This lesson is in the early stages of development (Alpha version)

Arrays and vectorisation with NumPy

Overview

Teaching: 15 min
Exercises: 5 min
Questions
  • How do we manage many variables efficiently?

Objectives
  • Be able to declare, manipulate, and address arrays.

  • Understand the process and role of vectorisation with NumPy.

What happens when we have to deal with multiple variables?

It may have occurred to you that dealing with variables individually is going to be less and less efficient as our data size set gets significantly larger. We are going to explore how we can store and organize our data in some useful ways.

Arrays

Arrays are multi-dimensional collections of items, commonly used in numerical computing. We can declare an array in the console using NumPy like this:

pip install numpy #if you don't have numpy installed already
import numpy as np
temperatures = np.array([23.5, 20.6, 15.8, 22.0])

You can also create arrays using other methods provided by NumPy. Now try:

num_range = np.arange(1, 11) 
num_rep = np.full(10, 1) 
num_sequence = np.linspace(0, 1, num=11)

Congratulations, we now have four arrays. Are they what you were expecting?
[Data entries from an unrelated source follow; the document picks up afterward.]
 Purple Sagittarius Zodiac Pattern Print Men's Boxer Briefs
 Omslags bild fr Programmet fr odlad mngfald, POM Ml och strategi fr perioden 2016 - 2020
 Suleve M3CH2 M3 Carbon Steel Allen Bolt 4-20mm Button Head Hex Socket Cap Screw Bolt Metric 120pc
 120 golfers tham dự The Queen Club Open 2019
Type the variable names into the console to get an output of their contents.

Can you determine how each one works?

  1. np.arange()
  2. np.full()
  3. np.linspace()

You can always look them up using the NumPy documentation if you are not sure.

Addressing and manipulating arrays

Once created, it is possible we may want to modify the elements in our array.
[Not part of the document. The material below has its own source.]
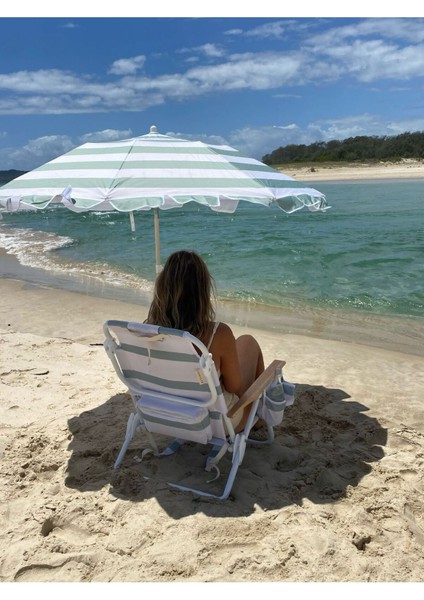 Yeşil Çizgili Kompakt Plaj Şemsiyesi, Hafif ve Pratik Güneş Koruyucu modelleri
You can address positions in the array using the syntax ‘array[index]’, for example:

temperatures[0]

If we want to change what is at that index we can type:

temperatures[0] = 20.5

Be aware Python indexing starts at 0.

We can access the last item in the array using:

temperatures[-1]

Vectorisation with NumPy

We can perform mathematical operations on arrays efficiently using NumPy functions:

np.mean(temperatures) 

np.sum(temperatures) 

np.min(temperatures) 

np.max(temperatures) 

np.round(temperatures) 

Notice that for rounding we did not have to explicitly ask for each calculation on each element to be performed. NumPy allows us to apply the same operations we can apply to a single element to arrays directly. This is called vectorisation.

We may want to apply an operation that does not exist as an in-built function, Try:

temperatures = temperatures * 9/5 + 32 

We have explicitly told Python to save the output back into the ‘temperatures’ array. All the temperatures have been converted from Celsius to Fahrenheit.

Make changes but only to specific elements

Sometimes we may only want to change certain elements in an array based on their value. Example: Find all the elements that are higher than 70 Fahrenheit and increase them by 10.
First we need to find out which elements fit our requirement

above_70 = temperatures > 70 

This has created a logical array that indicates if that element is above 70 using True/False. You can now use this array to address the ‘temperatures’ array, selecting only those elements. Try:

temperatures[above_70] += 10 

Notice ‘+=’ this is the equivalent with temperatures[above_70] = temperatures[above_70] + 10.

This is an example of how we can modify arrays but there are many different ways to address and manipulate arrays based on your required output.

Key Points

  • By default arrays hold elements of the same data types.

  • Vectorisation with NumPy allows us to apply operations to all the elements in an array efficiently.

  • Arrays can be indexed using various methods to retrieve/manipulate the specific information you desire.